*** Records shown ***
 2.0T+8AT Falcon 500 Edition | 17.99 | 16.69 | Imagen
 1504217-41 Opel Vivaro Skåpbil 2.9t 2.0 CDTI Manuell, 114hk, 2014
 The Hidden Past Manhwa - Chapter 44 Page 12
*** End of Records shown ***
*** Records shown ***
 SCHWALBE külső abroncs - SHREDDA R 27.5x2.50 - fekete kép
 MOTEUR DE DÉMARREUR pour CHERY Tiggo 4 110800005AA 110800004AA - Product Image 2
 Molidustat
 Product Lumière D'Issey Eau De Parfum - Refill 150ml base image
*** End of Records shown ***
*** Records shown ***
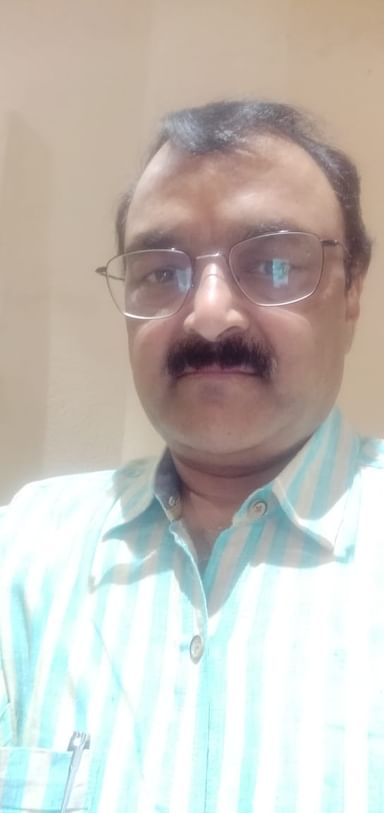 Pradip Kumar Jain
*** End of Records shown ***
What is being asked. Above are the records. Print exactly, and only, the lines from the line with "2.0T+8AT Falcon 500" to the line with "The Hidden Past Manhwa - Chapter 44 Page 12", both inclusive.

Worked solution.
 2.0T+8AT Falcon 500 Edition | 17.99 | 16.69 | Imagen
 1504217-41 Opel Vivaro Skåpbil 2.9t 2.0 CDTI Manuell, 114hk, 2014
 The Hidden Past Manhwa - Chapter 44 Page 12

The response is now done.